Exploitation of natural resources carried out in an unsustainable manner that deprives people of their very livelihoods can also be encountered in the Niger delta region. There, an ecological disaster is taking place due to oil and gas exploitation. Once again, the discovery of oil in the region should have triggered economic prosperity locally. Oil production in Nigeria, started in 1956 and since the 1970s has accounted for over 80% of the Nigerian government’s revenue and 95% of the country’s export earnings. All of Nigeria’s oil and gas come from its Niger delta region that consists of approximately 20,000 square kilometres of mangrove forest, fresh water swamp, coastal ridges and fertile dry land, forest and has an abundance of fish and marine wildlife.
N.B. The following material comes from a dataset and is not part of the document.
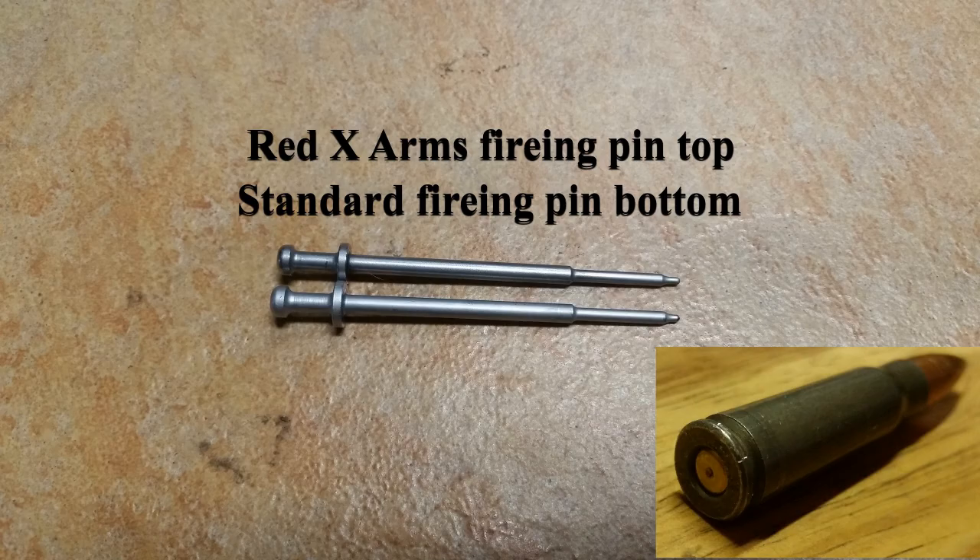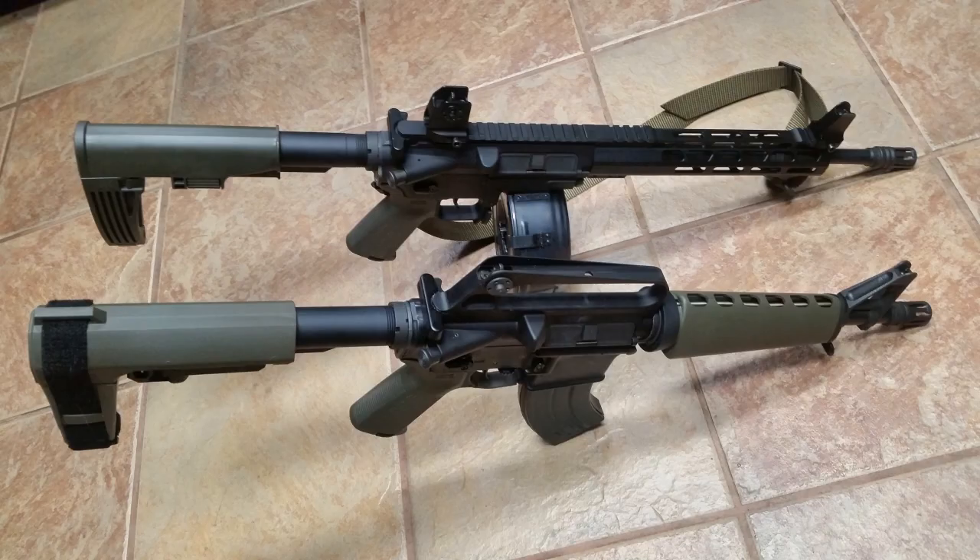As far as the barrel goes, I actually lucked out. I reused the barrel I took off my Palmetto State KS-47 build, and it ran like a champ for me — I had no further issues with it.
The environmental richness has turned the Niger delta into one of the highest rural population densities in the world[6].


But this was a long time ago. For more than four decades now, regular oil spills have been increasingly occurring, turning the luxurious marsh into no more than a pond of Nigerian crude oil. Leaks are caused mainly by the derelict state of the vast network of pipes and storage tanks scattered through the region and also at a lesser level by theft and sabotage. Gas flaring is another major challenge in Nigeria because it contributes to acid rain, desertification and drying up of rivers. Most certainly, the absence of laws and enforcement measures in Nigeria does not encourage change. An average of 2 oil spills are recorded everyday in Nigeria. This means that more oil is spilled from the delta's network of terminals, pipes, pumping stations and oil platforms every year than was lost in the Gulf of Mexico during the 2010 Deepwater Horizon disaster. In Ogogni land, the soil is polluted with hydrocarbons up to a depth of 5 metres and the source of drinking water for local communities is contaminated[7] [8]. According to an UNEP study in the same land, it would take up to 30 years to clean up the oil [9].


Recently, a lawsuit was filed by the local population against Royal Dutch Shell to seek compensation after two oil spills of about 4,000 barrels that occurred late 2008 and early 2009[10]. Whether the company is adjudged guilty or liable, there has to be a sanction strong enough to deter any similar situation. If the only sanction is the payment of some small fine, it will do nothing to dissuade corporations.

As we have seen, those examples are the testimony that the growing need for natural resources worldwide has a tremendous impact on local populations living in remote areas - and extractive industries play an important role in this. Land which these people rely on is grabbed with the promise that it will foster development whereas its main effect is to destroy the meagre resources they depend on.


Sébastien Porter

[1] Sibaud Philippe, “Opening Pandora’s Box: The New Wave of Land Grabbing by the Extractive Industries and the Devastating Impact on Earth”, The Gaia Foundation, London, 2012, p 18-39.

[2] Idem, p 47.

[3] Idem, p 35

[4] Greenpeace, « Left in the dust : AREVA’s radioactive legacy in the desert towns of Niger », April 2010, p 6-8

[5] Sibaud, op.cit, p 26.

[6] Ledum Mitee, “Oil exploitation, the environment and crimes against nature”, Vanguard, 26 March 2012.

[7] Sibaud, op.cit, p 20.

[8] Vidal John, “Nigeria’s agony dwarfs the Gulf oil spill. The US and Europe ignore it”, The Guardian, 30 May 2010.

[9] BBC News, “Nigeria Ogoniland oil clean-up could take up to 30 years”, 4 August 2011,

[10] Croft Jane, “Shell faces claims over Niger delta spills, The Financial Times, 22 March 2012.